Il viaggio diplomatico di Rex Tillerson, segretario di stato americano, verso Mosca ha compreso una breve sosta in Italia. Il politico statunitense non è rimasto molto tempo nel nostro paese, ma quelle poche ore sono state importanti per delineare ulteriormente la scena politica americana.

Tillerson ha più volte ripetuto che l'attacco missilistico ordinato da Donald Trump contro la Siria non rappresenta l'inizio di una escalation militare degli Stati Uniti in medio oriente, ma si è trattato soltanto della reazione all'attacco chimico della scorsa settimana.

Un attacco che è stato definito un crimine immane, poiché lanciato contro la popolazione civile, facendo tra le sue vittime, numerosi bambini.

L'opinione pubblica mondiale è a questo punto divisa, e sebbene in larga parte si sia detta avversa alla decisione unilaterale di Trump, molti si sono detti disposti a chiudere un occhio vista la natura ben più grave del crimine compiuto dal regime di Assad. Inoltre, in una dichiarazione dell'addetto stampa della casa bianca, Sean Spicer, che ha partecipato ad un briefing con il presidente Trump, ha aggiunto che, sebbene l'attacco missilistico di qualche giorno fa non segna l'inizio di una guerra americana contro la Siria, gli Stati Uniti non resteranno a guardare se dovesse verificarsi, da parte della Siria e dei suoi alleati, un nuovo attacco chimico, o dovessero essere ancora una volta coinvolti civili e bambini in operazioni militari coordinate dal governo di Damasco.

Insomma, Spicer ha lasciato intendere, senza nasconderlo più di tanto, che in caso di un nuovo attacco con armi chimiche o contro la popolazione civile, gli Stati Uniti potrebbero intraprendere nuove azioni militari contro la Siria.

Da queste dichiarazioni sono sorte molte domande e dubbi sui reali interessi americani nella questione siriana, dubbi ormai tipici di ogni operazione militare in cui stata coinvolta l'America negli ultimi trenta anni, e tornano a ripetersi i soliti scenari ed i soliti dibattiti sulla legittimità e la necessità di una guerra oltre che sulle motivazioni.

E proprio sulle motivazioni ci si aspetterebbe una qualche dichiarazione ufficiale da parte di Donald Trump, il cui silenzio desta preoccupazioni e domande.
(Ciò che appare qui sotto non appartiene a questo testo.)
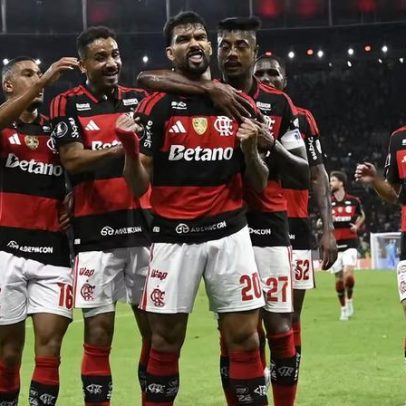 Flamengo aplica cinco mudanças, domina Medellín sob Jardim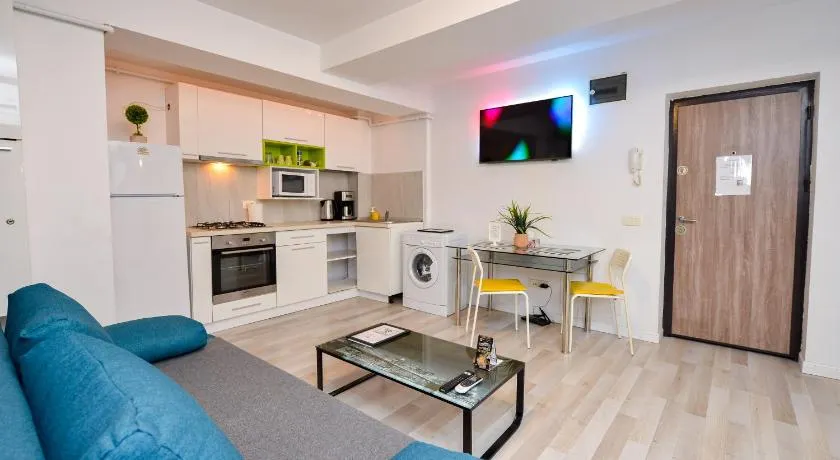 Pierre Cardin Deluxe Apartment With Terrace by Magniflex - Image 1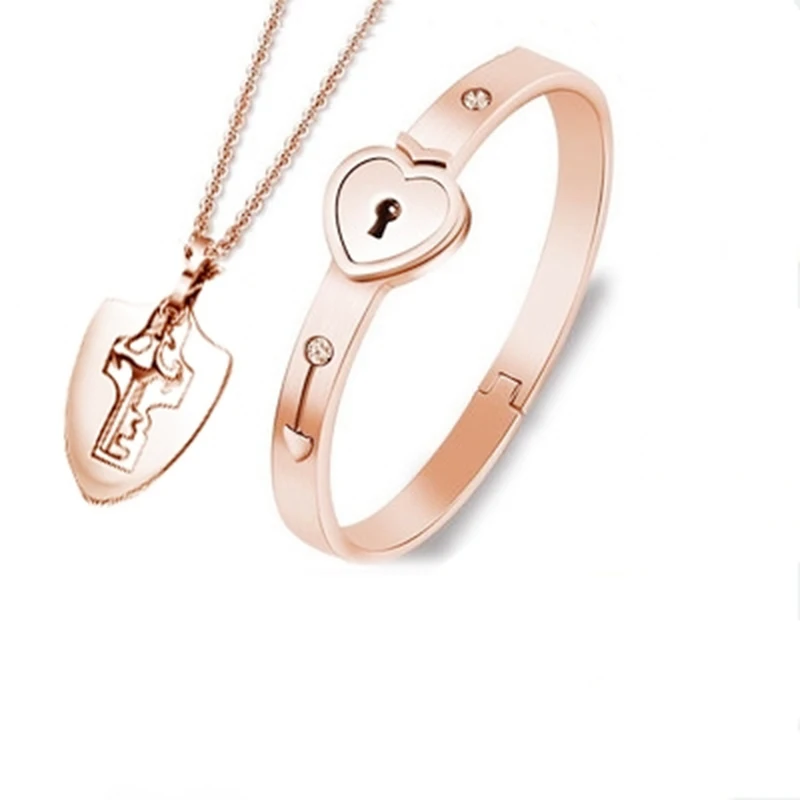 New Arriving Unique Design A Set Jewelry Fashion Titanium Steel Key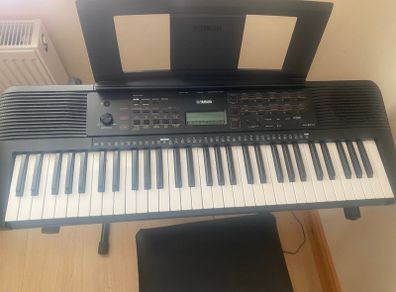 Yamaha PSR E273 keyboard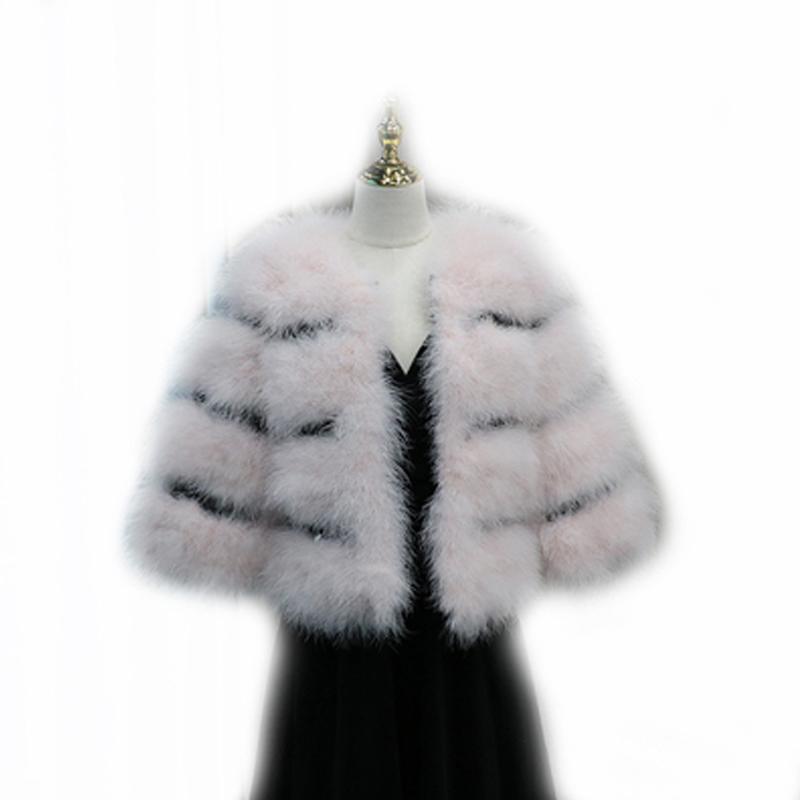 2020 New Winter Ostrich Fur Coat Female Furry Long Sleeves Women's Fur Jackets Solid Female Outerwear Trendy Lady Warm Mujer, Gray
2020 New Winter Ostrich Fur Coat Female Furry Long Sleeves Women's Fur Jackets Solid Female Outerwear Trendy Lady Warm Mujer, Gray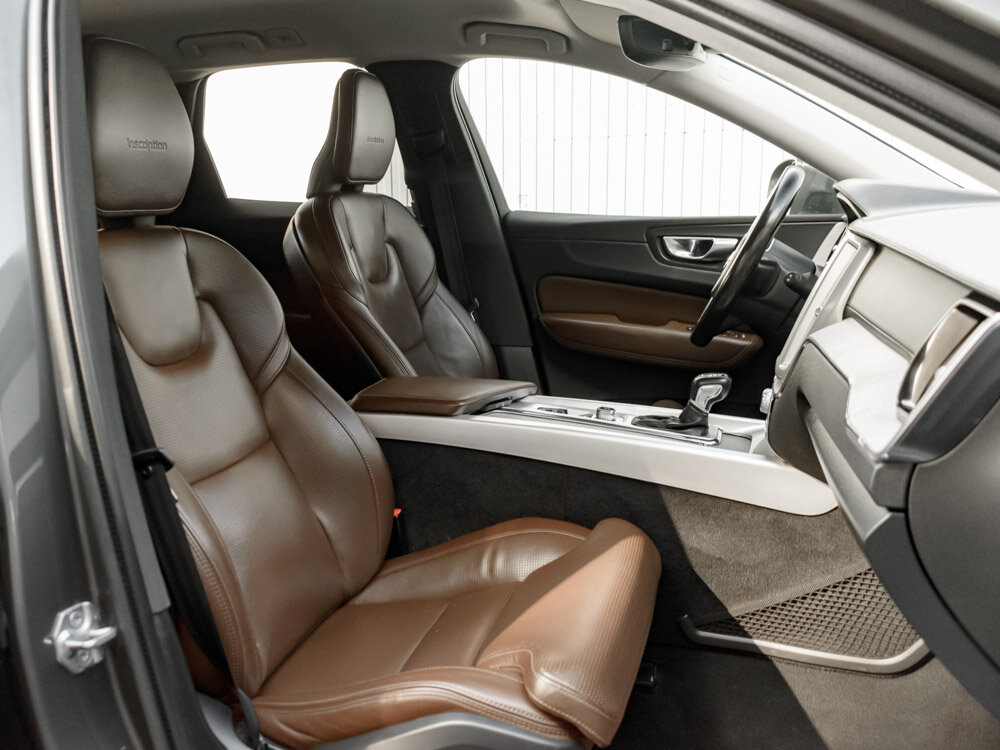 Купить Volvo XC60 2.0 AT (249 л.с.) 4WD, 2018 в Екатеренбурге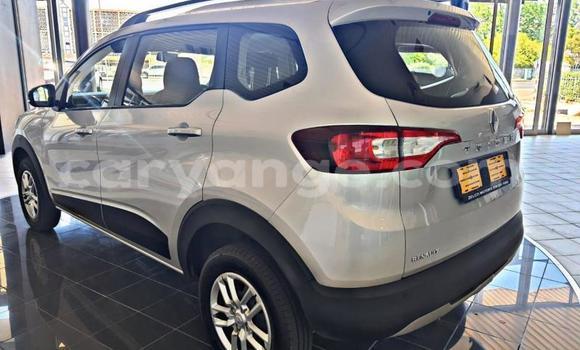 Buy Used Renault Twingo Silver Car in Gobabis in Omaheke Buy Used Renault Twingo Silver Car in Gobabis in Omaheke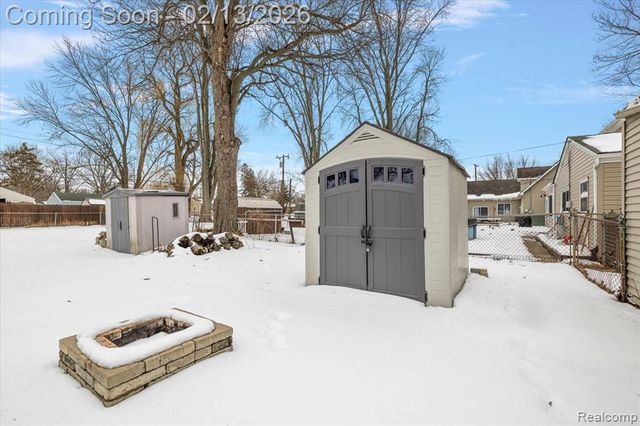 37106 Farley Street, Clinton Township, MI 48036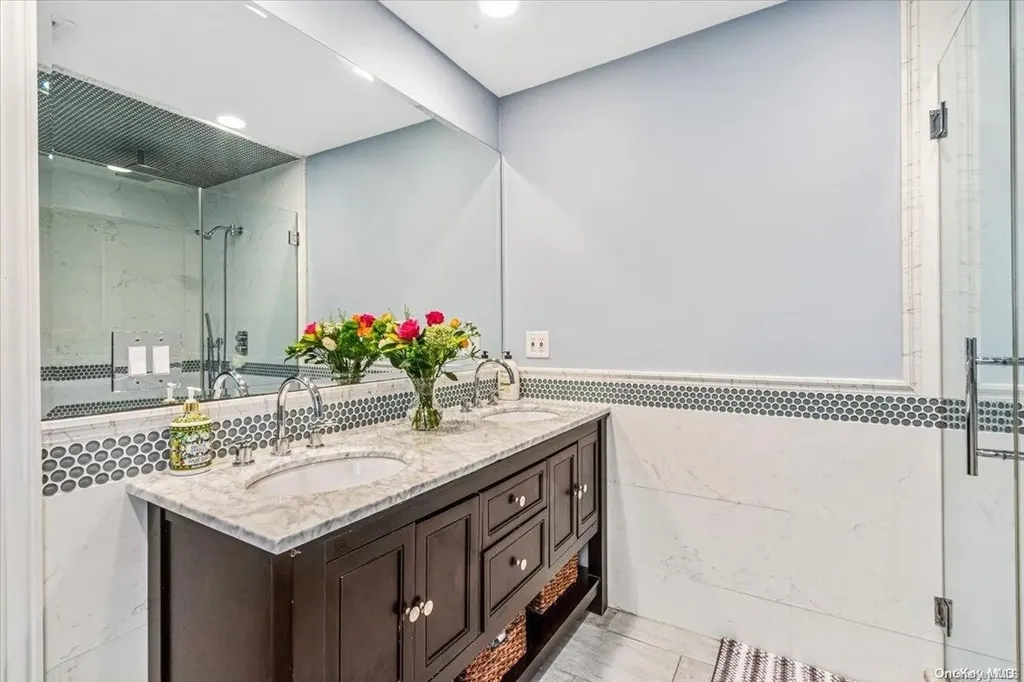 63 Audrey Road Westbury NY 11590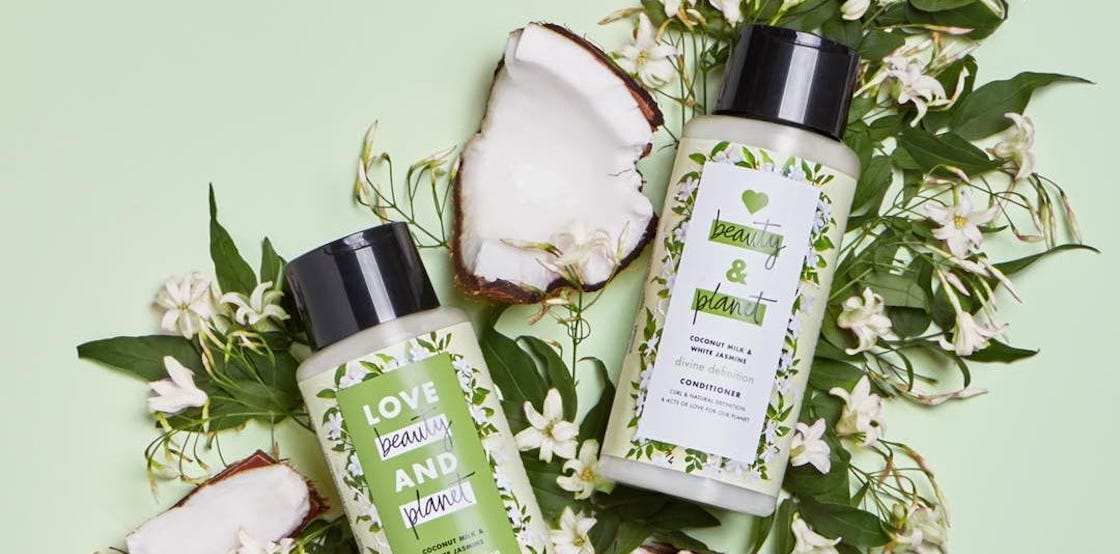 Love Beauty and asks consumers to complete holiday shopping by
Del resto la campagna elettorale di Trump è stata incentrata sul concetto di "prima l'America" lasciando intendere un qualsiasi disinteresse per ciò che non riguardava direttamente gli affari americani.

Dunque, perché l'america di Trump si sta interessando alla questione Siriana?

Secondo Spicer e Tillerson, rispettivamente portavoce della Casa Bianca e segretario di stato, l'America non ha alcun interesse materiale ad intervenire in medio oriente, ma la più grande nazione al mondo non può restare impassibile di fronte alle atrocità compiute contro la popolazione civile e conto i bambini, e proprio i bambini sembrano essere l'elemento chiave, citati più volte anche dal presidente nelle prime dichiarazioni immediatamente successive all'attacco. L'America, dicono Spicer e Tillerson, non può lasciare impuniti simili crimini, ed interverrà ovunque e contro chiunque.

Questa strada intrapresa dalla Casa Bianca ricorda, per certi versi, la strada già intrapresa dalla presidenza di Obama, contro cui lo stesso Trump si è fortemente scagliato in campagna elettorale, proponendo, anzi, riproponendo gli USA come garanti e tutori dell'ordine internazionale.

Ma affinché l'america di Trump riesca in questa impresa, ha bisogno di alleati forti e influenti, che potrebbe trovare in Europa, e forse la sosta di Tillerson in Italia, potrebbe rappresentare l'inizio di questa ricerca.

Il destino dello scontro politico tra USA e Russia, in questo momento, potrebbe dipendere dall'Europa, che come in passato dovrà mostrarsi coesa e inflessibile, mostrando la propria autorità e la propria forza sul piano internazionale.